Assigned task –
What is needed is an exact transcription of every entry below.

Study material –
··········

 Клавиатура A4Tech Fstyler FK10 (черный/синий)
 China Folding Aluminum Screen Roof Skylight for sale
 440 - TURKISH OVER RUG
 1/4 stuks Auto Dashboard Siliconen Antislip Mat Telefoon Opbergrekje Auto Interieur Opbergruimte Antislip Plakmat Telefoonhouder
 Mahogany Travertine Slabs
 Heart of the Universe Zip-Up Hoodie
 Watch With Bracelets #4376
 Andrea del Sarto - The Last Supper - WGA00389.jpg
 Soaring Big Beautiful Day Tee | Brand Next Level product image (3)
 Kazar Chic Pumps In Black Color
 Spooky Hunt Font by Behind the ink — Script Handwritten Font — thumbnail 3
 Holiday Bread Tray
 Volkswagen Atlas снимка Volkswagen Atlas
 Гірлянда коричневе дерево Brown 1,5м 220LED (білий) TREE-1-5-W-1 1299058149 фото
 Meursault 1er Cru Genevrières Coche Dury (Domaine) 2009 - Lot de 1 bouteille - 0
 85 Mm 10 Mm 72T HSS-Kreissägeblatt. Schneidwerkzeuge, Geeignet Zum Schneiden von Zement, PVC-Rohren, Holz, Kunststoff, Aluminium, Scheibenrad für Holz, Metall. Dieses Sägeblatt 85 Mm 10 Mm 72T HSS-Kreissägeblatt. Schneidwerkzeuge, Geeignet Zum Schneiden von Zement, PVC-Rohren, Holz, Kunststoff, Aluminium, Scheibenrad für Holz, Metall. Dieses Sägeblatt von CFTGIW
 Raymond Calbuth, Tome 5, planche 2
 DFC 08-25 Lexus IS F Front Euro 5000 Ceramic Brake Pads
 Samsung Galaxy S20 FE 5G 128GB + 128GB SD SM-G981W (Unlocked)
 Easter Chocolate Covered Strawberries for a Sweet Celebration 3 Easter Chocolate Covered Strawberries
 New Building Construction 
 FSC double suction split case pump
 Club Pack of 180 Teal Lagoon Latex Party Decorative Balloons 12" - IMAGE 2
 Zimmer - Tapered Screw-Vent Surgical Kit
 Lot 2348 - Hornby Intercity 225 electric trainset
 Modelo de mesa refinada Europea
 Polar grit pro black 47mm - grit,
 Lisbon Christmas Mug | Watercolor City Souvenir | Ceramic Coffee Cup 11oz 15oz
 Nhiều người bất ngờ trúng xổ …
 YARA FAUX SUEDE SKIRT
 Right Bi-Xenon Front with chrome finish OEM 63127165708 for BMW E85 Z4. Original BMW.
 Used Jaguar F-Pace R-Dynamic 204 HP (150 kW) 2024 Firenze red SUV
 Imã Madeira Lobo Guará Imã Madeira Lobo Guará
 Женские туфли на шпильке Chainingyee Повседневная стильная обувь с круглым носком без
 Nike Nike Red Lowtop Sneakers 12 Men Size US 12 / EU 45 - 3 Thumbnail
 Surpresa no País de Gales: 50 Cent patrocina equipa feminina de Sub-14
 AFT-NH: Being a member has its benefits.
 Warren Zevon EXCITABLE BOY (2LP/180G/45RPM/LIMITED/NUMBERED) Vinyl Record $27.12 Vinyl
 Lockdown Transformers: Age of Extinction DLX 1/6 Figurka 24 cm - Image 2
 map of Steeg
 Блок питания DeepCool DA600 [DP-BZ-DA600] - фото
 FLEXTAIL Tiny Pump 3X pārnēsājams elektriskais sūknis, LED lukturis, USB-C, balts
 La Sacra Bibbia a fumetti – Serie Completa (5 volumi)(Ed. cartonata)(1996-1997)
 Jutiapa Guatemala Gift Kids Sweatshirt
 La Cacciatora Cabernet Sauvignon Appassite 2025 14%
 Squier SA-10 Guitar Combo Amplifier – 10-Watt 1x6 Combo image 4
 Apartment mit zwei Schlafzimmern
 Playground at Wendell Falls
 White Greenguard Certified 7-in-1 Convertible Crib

··········

Response to this exercise –
 Клавиатура A4Tech Fstyler FK10 (черный/синий)
 China Folding Aluminum Screen Roof Skylight for sale
 440 - TURKISH OVER RUG
 1/4 stuks Auto Dashboard Siliconen Antislip Mat Telefoon Opbergrekje Auto Interieur Opbergruimte Antislip Plakmat Telefoonhouder
 Mahogany Travertine Slabs
 Heart of the Universe Zip-Up Hoodie
 Watch With Bracelets #4376
 Andrea del Sarto - The Last Supper - WGA00389.jpg
 Soaring Big Beautiful Day Tee | Brand Next Level product image (3)
 Kazar Chic Pumps In Black Color
 Spooky Hunt Font by Behind the ink — Script Handwritten Font — thumbnail 3
 Holiday Bread Tray
 Volkswagen Atlas снимка Volkswagen Atlas
 Гірлянда коричневе дерево Brown 1,5м 220LED (білий) TREE-1-5-W-1 1299058149 фото
 Meursault 1er Cru Genevrières Coche Dury (Domaine) 2009 - Lot de 1 bouteille - 0
 85 Mm 10 Mm 72T HSS-Kreissägeblatt. Schneidwerkzeuge, Geeignet Zum Schneiden von Zement, PVC-Rohren, Holz, Kunststoff, Aluminium, Scheibenrad für Holz, Metall. Dieses Sägeblatt 85 Mm 10 Mm 72T HSS-Kreissägeblatt. Schneidwerkzeuge, Geeignet Zum Schneiden von Zement, PVC-Rohren, Holz, Kunststoff, Aluminium, Scheibenrad für Holz, Metall. Dieses Sägeblatt von CFTGIW
 Raymond Calbuth, Tome 5, planche 2
 DFC 08-25 Lexus IS F Front Euro 5000 Ceramic Brake Pads
 Samsung Galaxy S20 FE 5G 128GB + 128GB SD SM-G981W (Unlocked)
 Easter Chocolate Covered Strawberries for a Sweet Celebration 3 Easter Chocolate Covered Strawberries
 New Building Construction 
 FSC double suction split case pump
 Club Pack of 180 Teal Lagoon Latex Party Decorative Balloons 12" - IMAGE 2
 Zimmer - Tapered Screw-Vent Surgical Kit
 Lot 2348 - Hornby Intercity 225 electric trainset
 Modelo de mesa refinada Europea
 Polar grit pro black 47mm - grit,
 Lisbon Christmas Mug | Watercolor City Souvenir | Ceramic Coffee Cup 11oz 15oz
 Nhiều người bất ngờ trúng xổ …
 YARA FAUX SUEDE SKIRT
 Right Bi-Xenon Front with chrome finish OEM 63127165708 for BMW E85 Z4. Original BMW.
 Used Jaguar F-Pace R-Dynamic 204 HP (150 kW) 2024 Firenze red SUV
 Imã Madeira Lobo Guará Imã Madeira Lobo Guará
 Женские туфли на шпильке Chainingyee Повседневная стильная обувь с круглым носком без
 Nike Nike Red Lowtop Sneakers 12 Men Size US 12 / EU 45 - 3 Thumbnail
 Surpresa no País de Gales: 50 Cent patrocina equipa feminina de Sub-14
 AFT-NH: Being a member has its benefits.
 Warren Zevon EXCITABLE BOY (2LP/180G/45RPM/LIMITED/NUMBERED) Vinyl Record $27.12 Vinyl
 Lockdown Transformers: Age of Extinction DLX 1/6 Figurka 24 cm - Image 2
 map of Steeg
 Блок питания DeepCool DA600 [DP-BZ-DA600] - фото
 FLEXTAIL Tiny Pump 3X pārnēsājams elektriskais sūknis, LED lukturis, USB-C, balts
 La Sacra Bibbia a fumetti – Serie Completa (5 volumi)(Ed. cartonata)(1996-1997)
 Jutiapa Guatemala Gift Kids Sweatshirt
 La Cacciatora Cabernet Sauvignon Appassite 2025 14%
 Squier SA-10 Guitar Combo Amplifier – 10-Watt 1x6 Combo image 4
 Apartment mit zwei Schlafzimmern
 Playground at Wendell Falls
 White Greenguard Certified 7-in-1 Convertible Crib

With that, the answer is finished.